A chemical or biological agent must be spread in a diffuse cloud over a large area to be effective. The high speed of a ballistic missile makes it difficult to distribute the agent in this manner. Moreover, a ballistic missile has very little ability to deviate from its predetermined flight path, which means that it cannot spread the agent over the target if the axis of the target does not happen to line up with the missile’s flight path. In addition, the heat from reentry or detonation can degrade the quality of the agent. Thus, a subsonic cruise missile is far more useful than a ballistic missile for disseminating a chemical or biological payload, provided the agent is released outside the aerodynamically disturbed field of flow around the missile. Supersonic cruise missiles generally cannot dispense chemical or biological agents effectively because the air stream will destroy the agent by heating or shock. Biological and chemical agents are relatively lightweight and are flexible enough to be packed in most warhead configurations.
Nuclear explosives, on the other hand, are heavy and need a warhead with a special shape. This poses problems in weight balancing and aerodynamics. The comparatively large kill radius of a nuclear weapon does mean that one can sacrifice some accuracy. Nor are nuclear weapons as susceptible to the heat of reentry. All these considerations point to one conclusion: that long-range ballistic missiles are primarily suited to delivering nuclear warheads.
A cruise missile is essentially the same as a pilotless aircraft. It breathes the ambient air, is powered by a small jet engine, flies slower and does not travel as far as a ballistic missile, and is guided on its entire flight path. The warhead stays attached to the missile until it reaches the target. Payloads for cruise missiles can vary from 200 to 500 kilograms. Ranges can vary from 300 to 5,000 kilometers. These missiles can be launched from aircraft, trucks, ships and submarines.
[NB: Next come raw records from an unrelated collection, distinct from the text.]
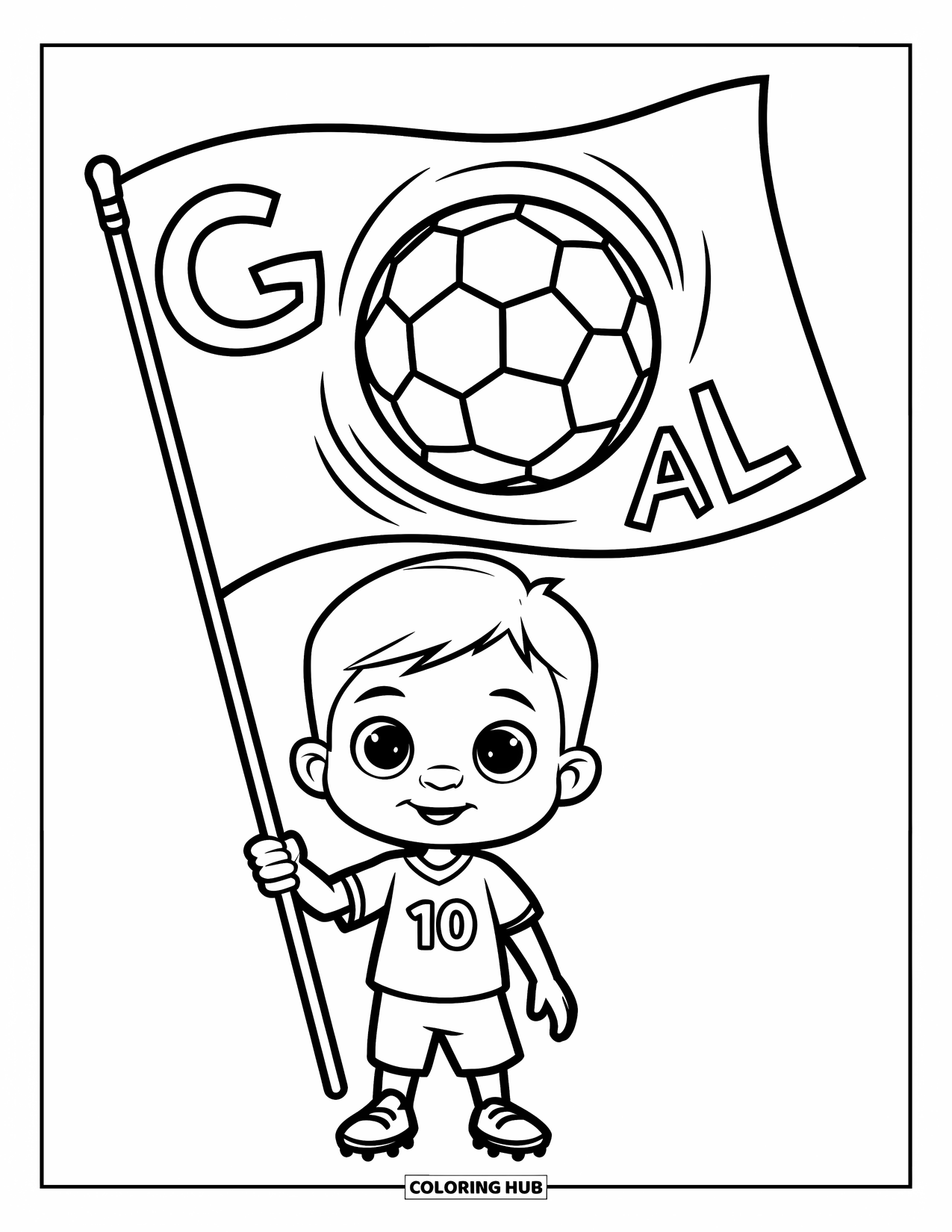 Desen de colorat cu fotbal pentru copii: Un copil mic ține un steag cu o minge de fotbal și cuvântul „GOAL” pe el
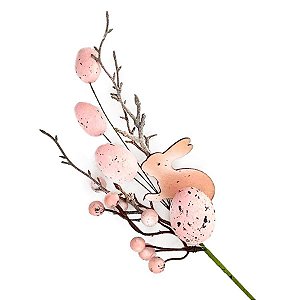 Galho Pick Decorativo de Páscoa com Ovo - Rosa - 40cm - 1 unidade - Rizzo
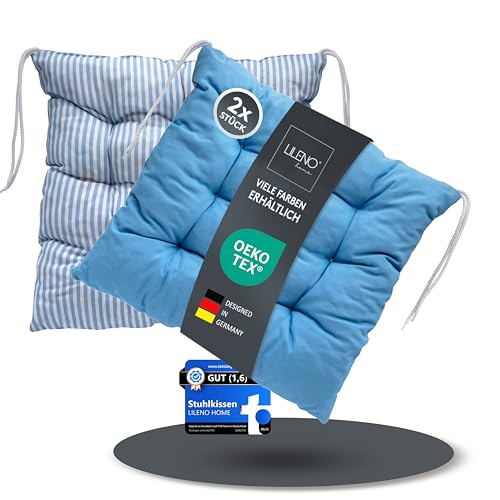 LILENO HOME 2er Set Wende Stuhlkissen Hellblau (40x40x6 cm) - Streifen Sitzkissen für Gartenstuhl, Küche oder Esszimmerstuhl - Indoor u. Outdoor Stuhlauflage als Stuhl Kissen (Linda FUM) LILENO HOME 2er Set Wende Stuhlkissen Hellblau (40x40x6 cm) - Streifen Sitzkissen für Gartenstuhl, Küche oder Esszimmerstuhl - Indoor u. Outdoor Stuhlauflage als Stuhl Kissen (Linda FUM)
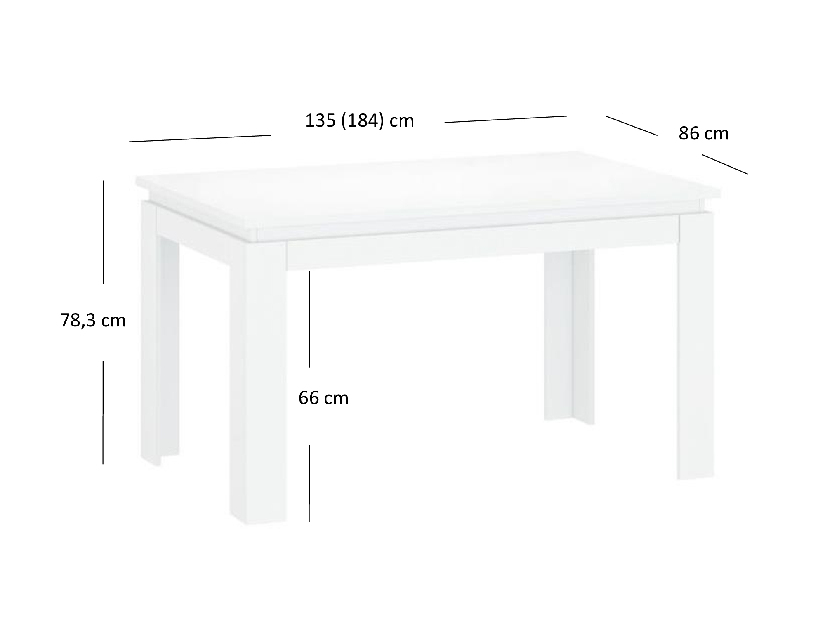 Széthúzható étkezőasztal (4-6 fő részére) Leona (fehér)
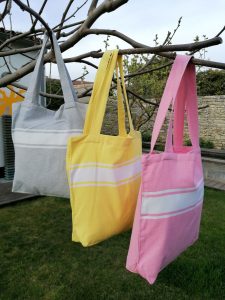Tote bag Fouta bande blanche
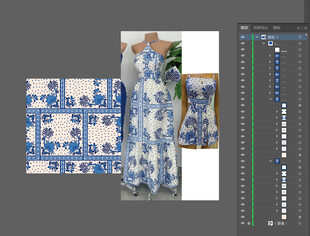 手绘高清矢量绣花效果国风青花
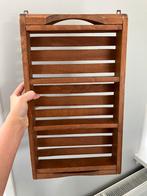 Vintage brocante hout houten rek kruidenrek wandrek bruin, Antiek en Kunst, Curiosa en Brocante, Ophalen of Verzenden
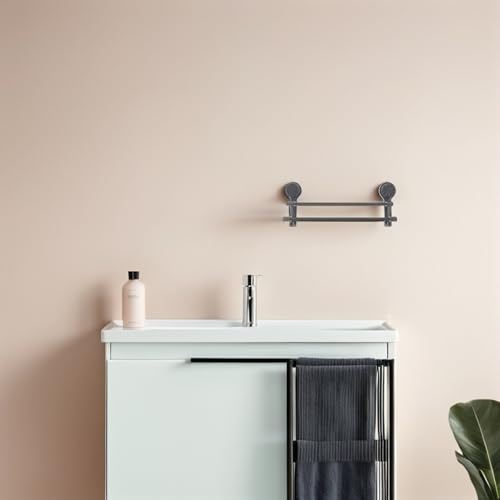 Lurrose Double Pole Suction Cup Towel Rack 40cm No Drill Wall Mount Towel Holder Gunmetal Gray Bathroom Kitchen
Cruise missiles are much less expensive than ballistic missiles. The airframe of a cruise missile can be made by adapting virtually any airframe that is adequate for an ordinary aircraft. Thus, the primary proliferation concern is technology that enables mass production of cruise missile airframes. Besides being cheaper to develop than a ballistic missile, the testing required for a cruise missile is easier to conceal. Because of its shorter range, a cruise missile can often be tested inside a country’s borders or quietly at sea.
Previously, cruise missile guidance relied on complex mapping systems such as Terrain Contour Matching (TERCOM). However, the advent of the Global Position System (GPS) and the Global Navigation Satellite System (GLONASS) has provided the missile developer with an inexpensive and widely available system that is sufficiently accurate. An Inertial Measurement Unit (IMU) can also be used for guidance but does not perform nearly as well as GPS. Regardless of the guidance system employed, a low flying cruise missile’s on-board map must be provided with the latest changes in terrain and physical features. Otherwise, the missile risks colliding with newly formed obstacles.
Cruise missiles pose a serious proliferation threat because they are inexpensive to build and can overwhelm defenses by their sheer numbers. Although, as stated above, a supersonic cruise missile is ill-suited to the delivery of chemical or biological agents, it can deliver a nuclear warhead quite well. From the standpoint of missile defense, a stealthy cruise missile poses an especially grave threat, regardless of the type of warhead it carries.
Note: The above material was derived from The Militarily Critical Technologies List, Office of the Under Secretary of Defense for Acquisition and Technology, Washington, D.C., 1998, and from the Missile Technology Control Regime Annex Handbook, United States Department of State, Bureau of Nonproliferation, 1998.